[Web page caption snippets]
======
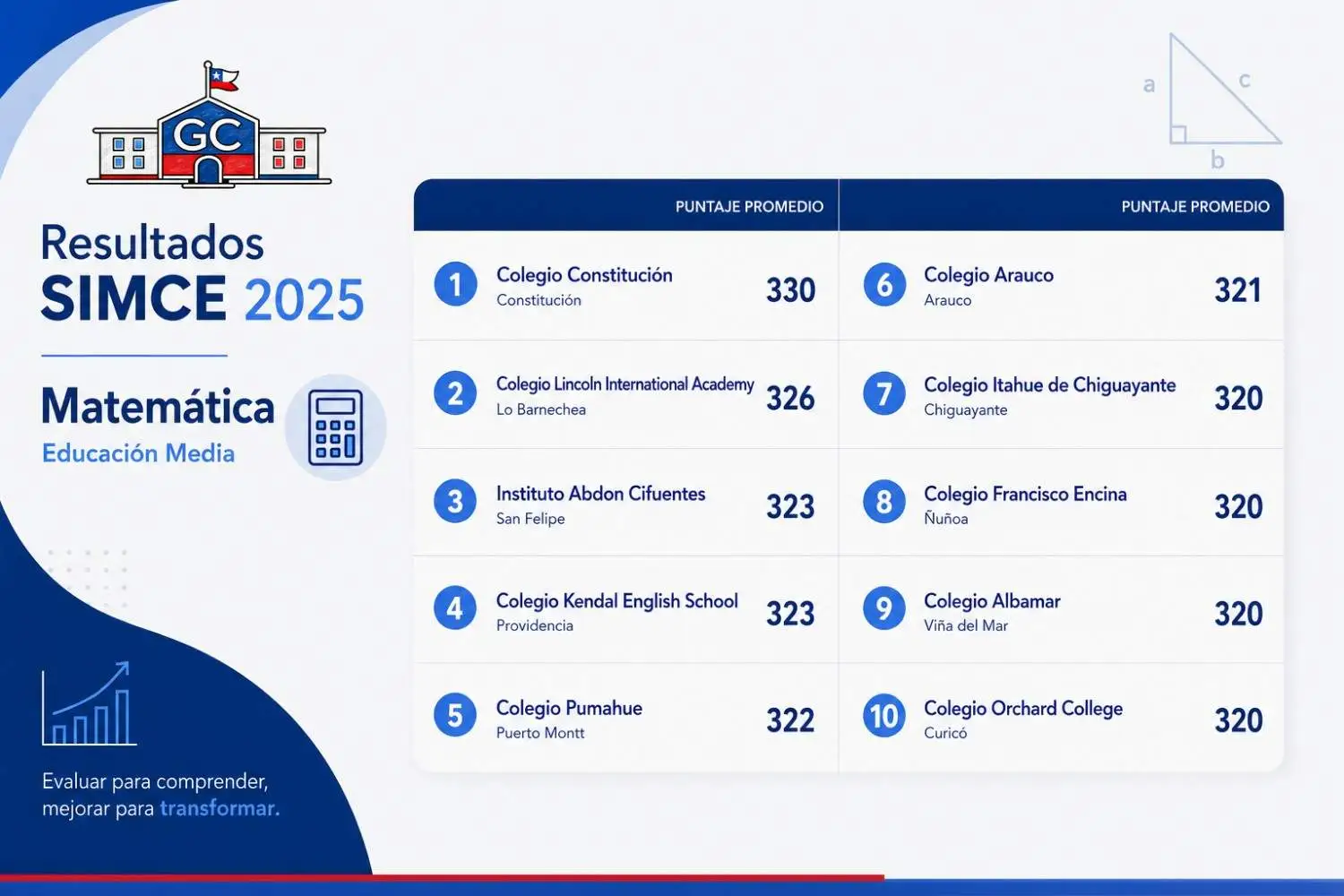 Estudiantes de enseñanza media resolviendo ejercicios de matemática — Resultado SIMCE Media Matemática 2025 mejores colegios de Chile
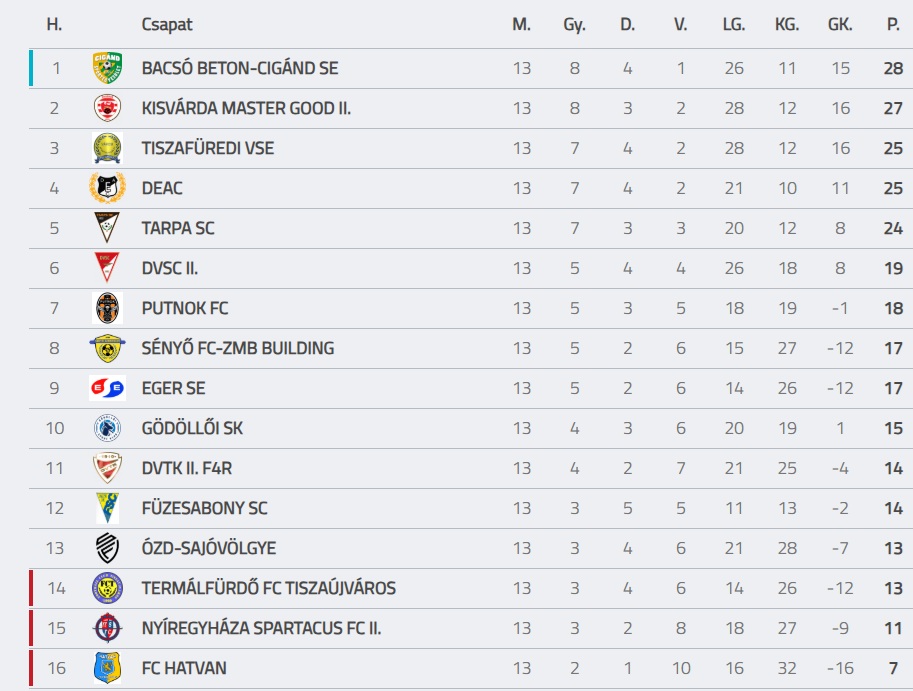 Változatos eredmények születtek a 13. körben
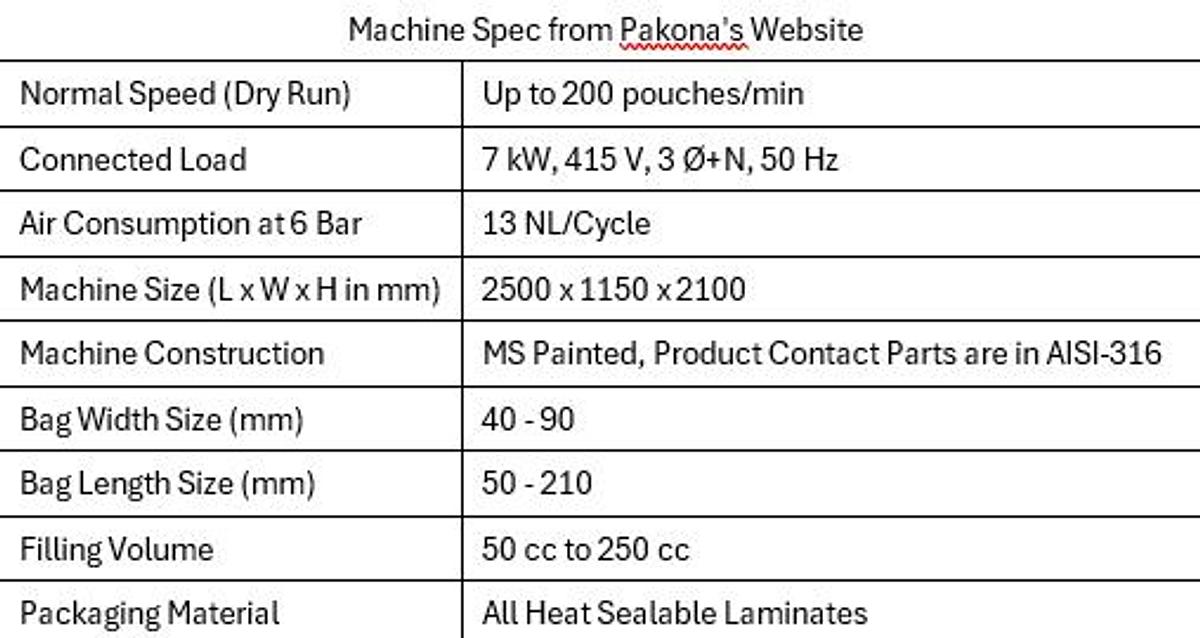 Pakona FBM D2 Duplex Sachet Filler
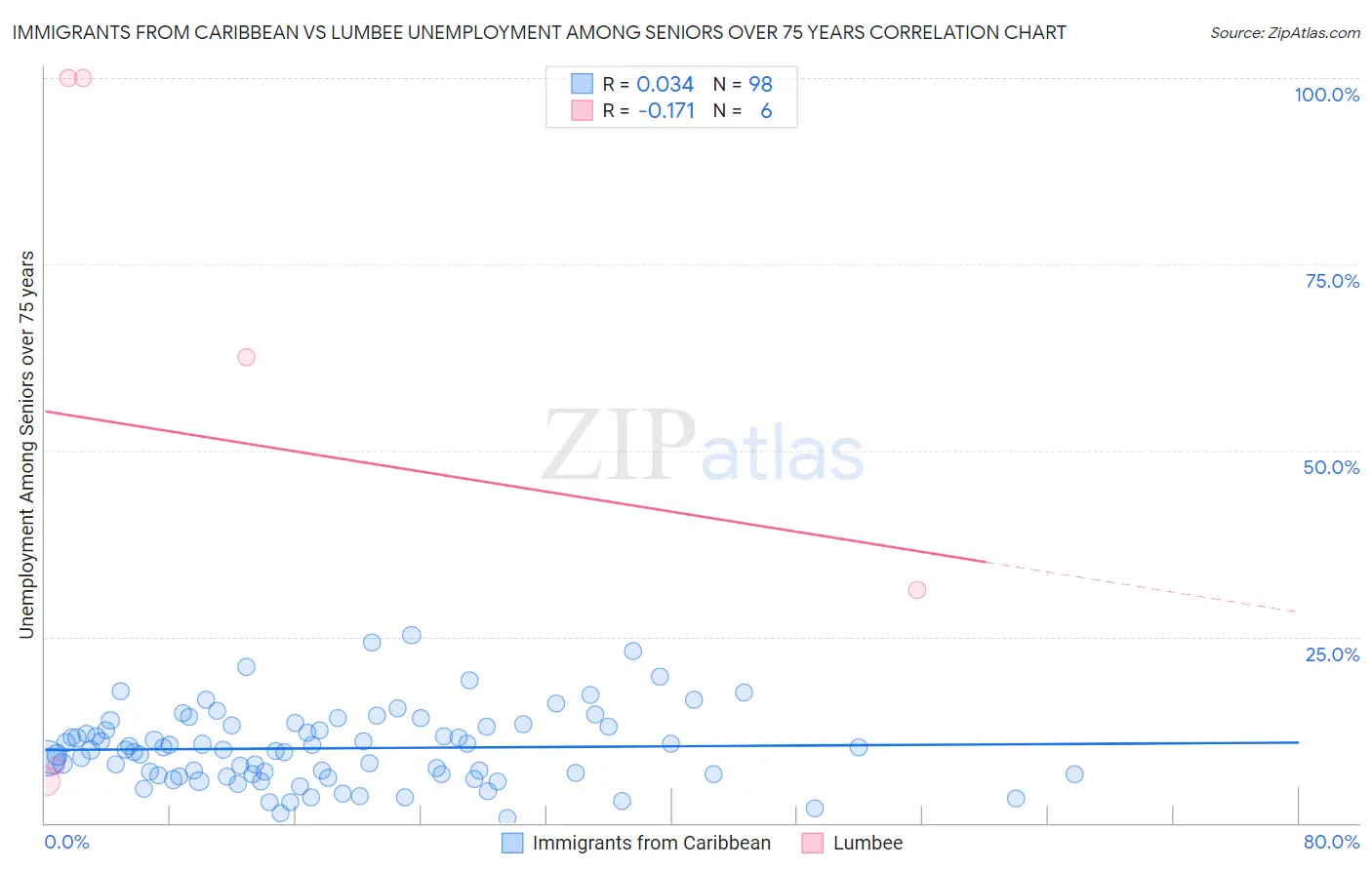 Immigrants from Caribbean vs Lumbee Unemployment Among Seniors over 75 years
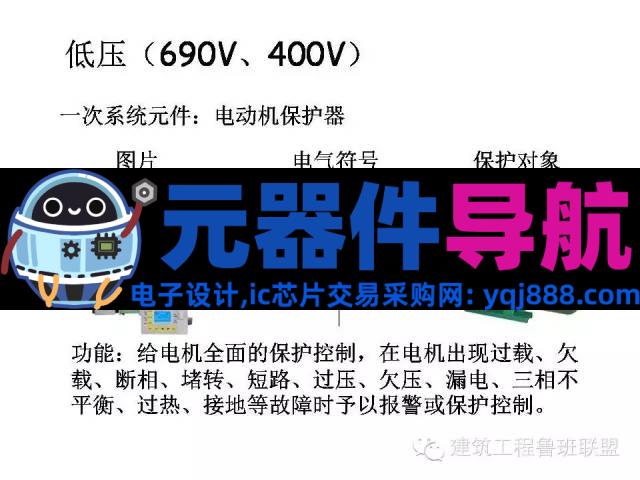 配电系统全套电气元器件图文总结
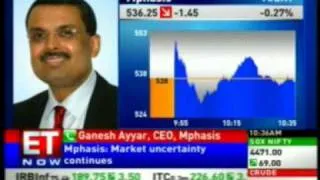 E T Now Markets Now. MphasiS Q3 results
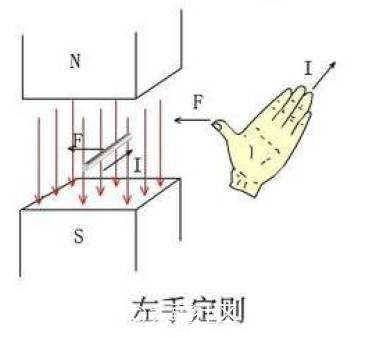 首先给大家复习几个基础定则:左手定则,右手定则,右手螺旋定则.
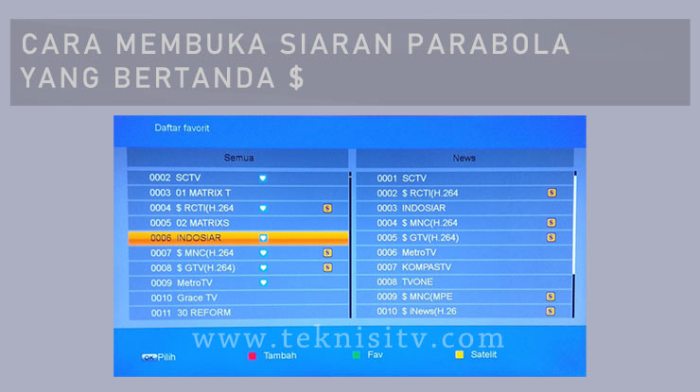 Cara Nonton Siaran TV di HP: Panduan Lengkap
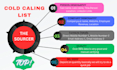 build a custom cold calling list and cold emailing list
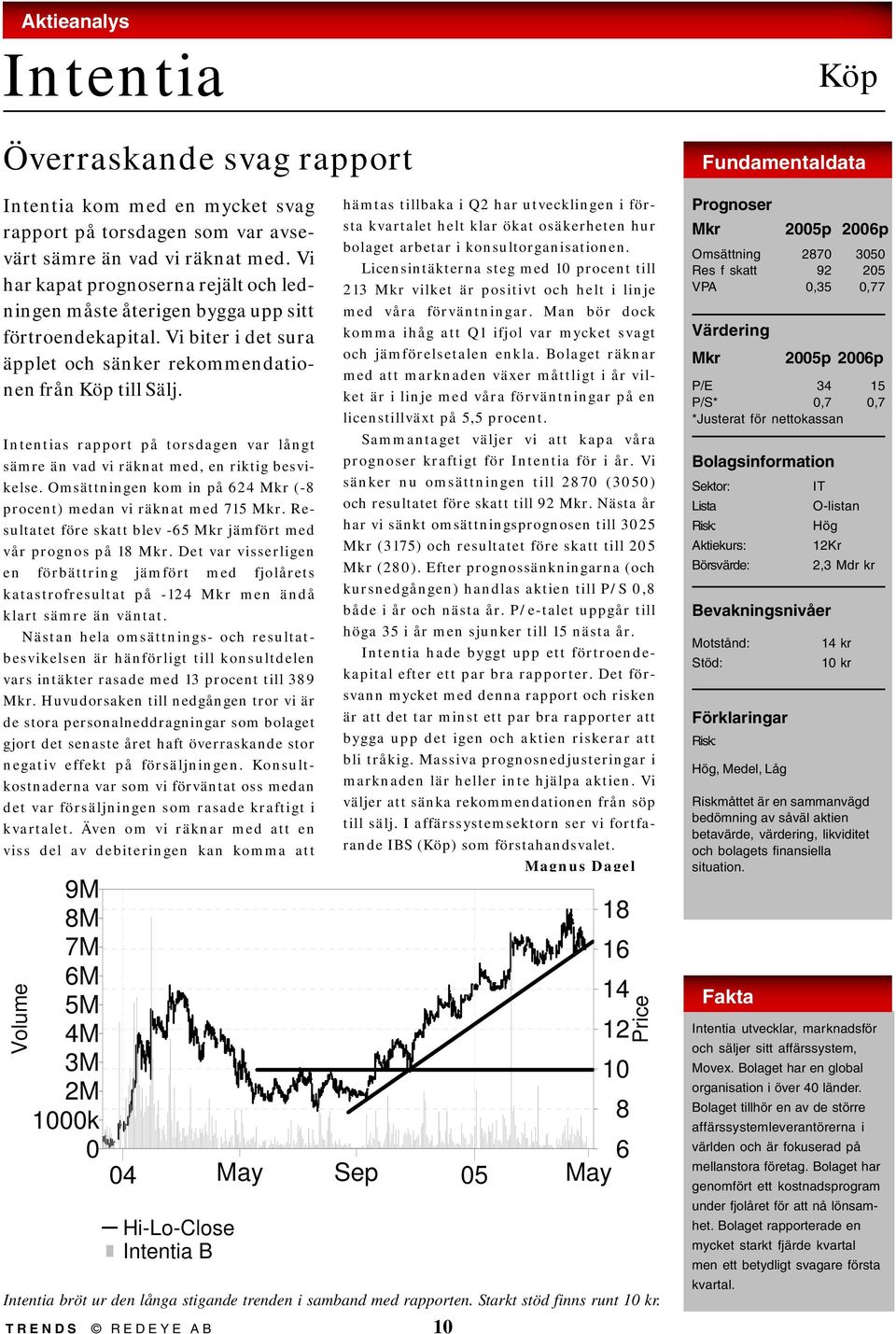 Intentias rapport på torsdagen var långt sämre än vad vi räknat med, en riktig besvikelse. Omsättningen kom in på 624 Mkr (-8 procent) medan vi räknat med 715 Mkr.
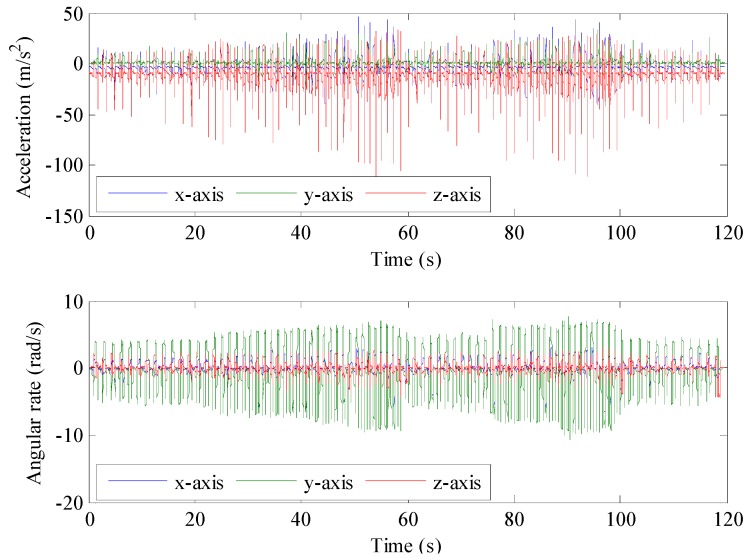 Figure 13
======
→ GOAL OF THE EXERCISE: Your answer must be the lines from the one containing "首先给大家复习几个基础定则:左手定则,右手定则,右手螺旋定则." through the final line of the entries, duplicated exactly, with both ends kept and all pictures left out.

→ WRITTEN REPLY:
 首先给大家复习几个基础定则:左手定则,右手定则,右手螺旋定则.
 Cara Nonton Siaran TV di HP: Panduan Lengkap
 build a custom cold calling list and cold emailing list
 Intentias rapport på torsdagen var långt sämre än vad vi räknat med, en riktig besvikelse. Omsättningen kom in på 624 Mkr (-8 procent) medan vi räknat med 715 Mkr.
 Figure 13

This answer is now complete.